The flicker of a smile passed between us, one of the few we’d ever had. He said: “And Jack, these medals didn’t come by cultivating the colonel’s good regards. You’ve been places only a brave man would venture into.”

“Who’s brave? If you’re really brave you’re a fool. If you’re not you’re a fake. I’ve saluted brave men, but they were dead.”

“There was a battle once, Jack, in what this country calls the Revolutionary War, fought in the South, at a place called the Pens, or Cowpens, as the town is now named. It’s lovingly studied by the military men, as General Daniel Morgan, the American, defeated General Banastre Tarleton, the Englishman, in a battle of decisive consequence.

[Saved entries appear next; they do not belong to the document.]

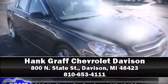Our sales reps are knowledgeable and professional. Call now to schedule a test drive.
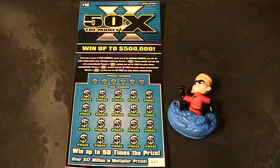Alrighty everybody, welcome back to Digitonic One where we got another 50x to scratch off with.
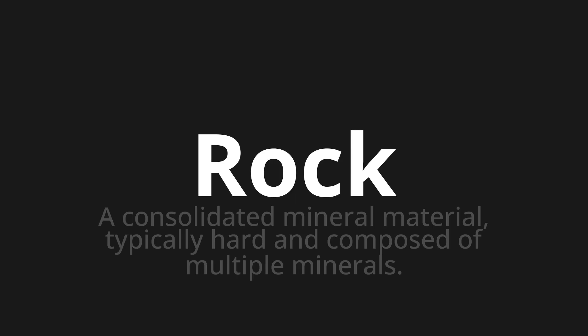Welcome to How to Pronounce. In today's video, we'll be focusing on a new word that you might find challenging or intriguing. So let's dive into today's word: Rock — which means a consolidated mineral material, typically hard and composed of multiple minerals.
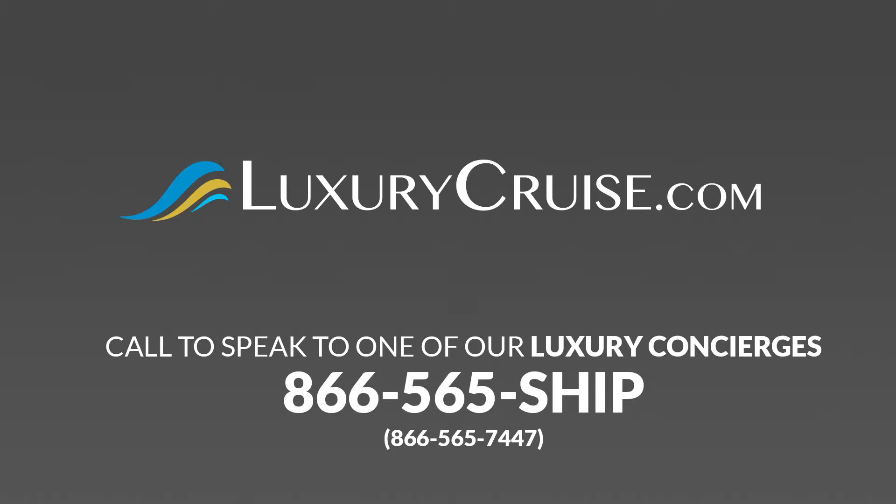Let our luxurycruise.com luxury cruise concierges custom create an unforgettable cruise vacation visiting Kona, Hawaii. Thanks for watching.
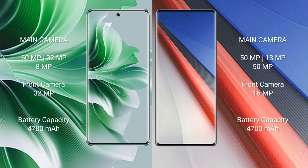The OPPO Reno 11 Pro features a triple rear camera setup of 50MP plus 32MP plus 8MP, and a 32MP front camera. The Vivo iQOO 11 Pro features a triple rear camera setup of 50MP plus 13MP plus 50MP, and a 16MP front camera. The OPPO Reno 11 Pro has a 4700mAh battery with 80W fast charging support, while the Vivo iQOO 11 Pro also has a 4700mAh battery with fast charging support.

The point of interest is that Morgan disposed his green men, with reference to the terrain, so they couldn’t run and had to fight. ’Twas the last word in cynicism, the disbelief in heroism and glory and the colors of a parade, but I’ve often wondered if it didn’t summarize most what’s known of courage and war.”

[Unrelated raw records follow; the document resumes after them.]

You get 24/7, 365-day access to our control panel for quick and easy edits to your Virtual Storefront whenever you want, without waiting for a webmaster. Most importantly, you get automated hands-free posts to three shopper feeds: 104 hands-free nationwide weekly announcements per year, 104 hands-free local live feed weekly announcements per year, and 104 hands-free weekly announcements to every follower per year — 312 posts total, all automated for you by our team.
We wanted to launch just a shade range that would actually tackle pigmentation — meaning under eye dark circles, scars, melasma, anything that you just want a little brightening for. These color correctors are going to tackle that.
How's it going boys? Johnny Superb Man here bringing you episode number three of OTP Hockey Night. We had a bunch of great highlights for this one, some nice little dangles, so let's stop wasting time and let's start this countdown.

“I’ve run. Or as we say now, ducked.”

“And lived to fight another day, I see.”

“Anyway, I’m here.”

“Jack, it’s melted a bit. Our barrier.”

“Then fine.”

“But not completely. I don’t think it will. And yet, I’ve hit on a plan that may help. That will help us both, if you like it.”

“Which is?”

“Write it.”

“Who — me?”

“Well, in my condition, hardly I.”

“I’m sorry, I’ll never learn grammar.”

“The American distrusts it, for its exactitude, which he associates with theology and metaphysics and logic, and identifies with superficiality. I don’t say he’s not right, but I’m a Trinity College man myself, and had as lief drop egg on my waistcoat as split an infinitive. I don’t wholly accept the American canon. Yet it’s wholly distinctive and I hope you don’t hesitate on that account. Never forget, the foreign colony, during the Civil War, looked down on Mr. Lincoln because of his uncouthness of speech. The greatest literary genius who ever sat in the White House, which is indeed a title — and the precisionists voted him down. Can you quote one phrase ever uttered by the minister from the Court of St. James during this memorable administration? Do you even know who he was?”